### Supplied material
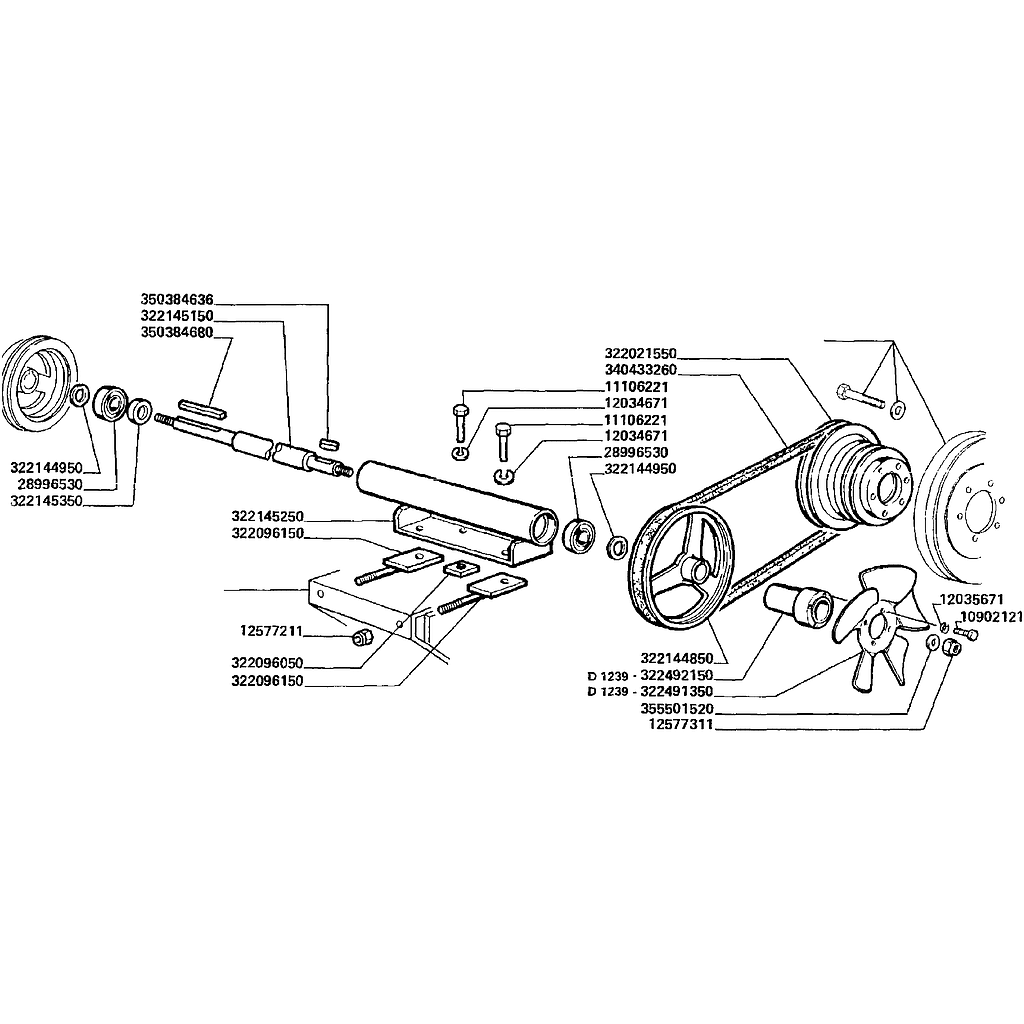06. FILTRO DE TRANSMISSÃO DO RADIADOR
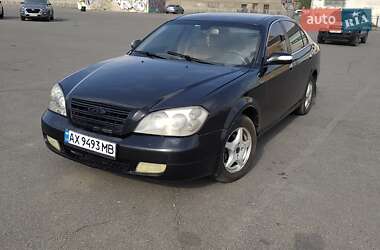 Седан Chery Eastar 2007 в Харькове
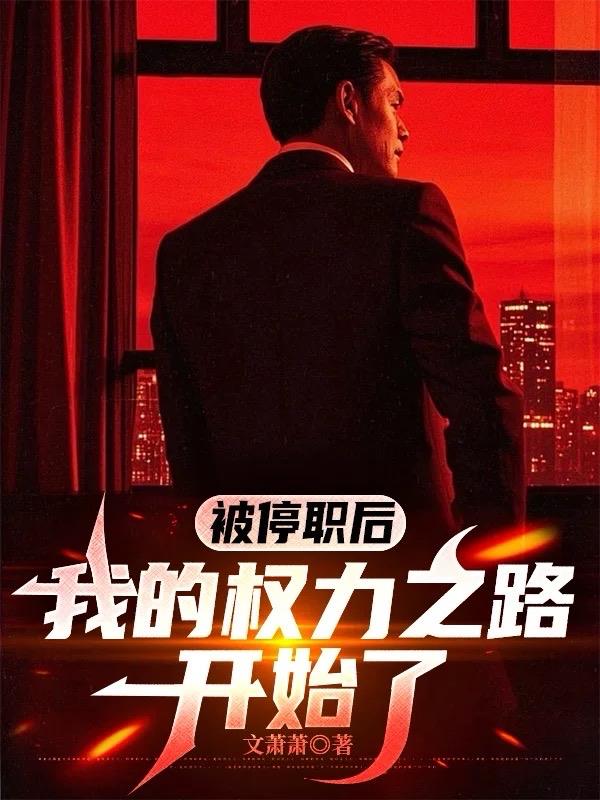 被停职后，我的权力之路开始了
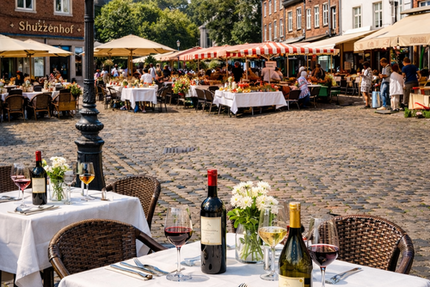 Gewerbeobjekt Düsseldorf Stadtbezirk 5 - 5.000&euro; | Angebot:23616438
######
▶ _Instructions for the task_
Each line of the data above must be repeated exactly, images excluded.

▶ _Written response_
06. FILTRO DE TRANSMISSÃO DO RADIADOR
 Седан Chery Eastar 2007 в Харькове
 被停职后，我的权力之路开始了
 Gewerbeobjekt Düsseldorf Stadtbezirk 5 - 5.000&euro; | Angebot:23616438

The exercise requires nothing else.